Measurement of hard lags and coherences in the X-ray flux of accreting neutron stars and comparison with accreting black holes

Using the Rossi X-ray Timing Explorer, we have measured lags of the 9-33 keV photons relative to the 2-9 keV photons in the timing noise between 0.01 and 100 Hz in the accreting neutron stars 4U 0614+09 and 4U 1705 - 44. We performed similar measurements on the accreting black hole candidates Cyg X-1 and GX 339-4 as a comparison. During the observations, these sources were all in low (hard) states. We find phase lags of between 0.03 and 0.2 rad in all of these sources, with a variation in frequency much less than expected for a lag constant in time. We also measure a coherence consistent with unity in all sources. As already noted for the black hole candidates, these data are inconsistent with simple Comptonization models invoking a constant time delay. Comptonization in a nonuniform medium can perhaps explain the lags. However, the magnitudes of the lags imply that the hot electron gas extends to more than 10(3) Schwarzschild radii.
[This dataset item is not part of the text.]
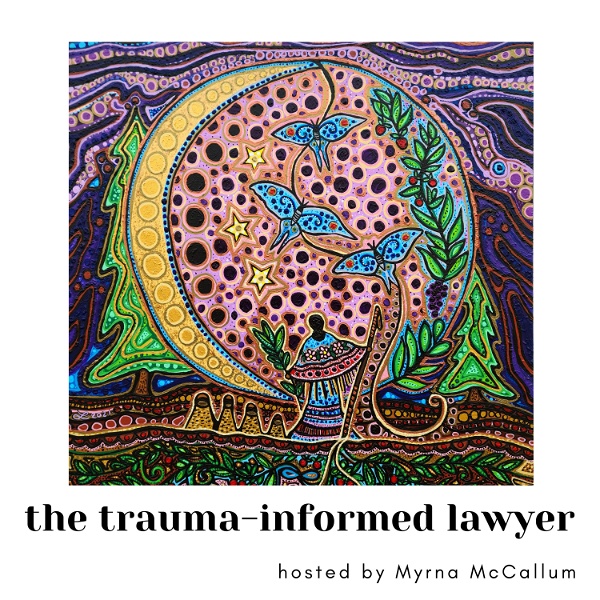 Artwork for The Trauma-Informed Lawyer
This may constitute an energy problem. We argue that while a large hot cloud is possible for black holes, which may hide some of their accretion energy in advection, such a distribution may not be possible for neutron stars, in which all the accretion energy is eventually released at the neutron star surface. This casts doubt on the Comptonization model, although the energy problem may be resolved, for example, by a wind from the inner disk.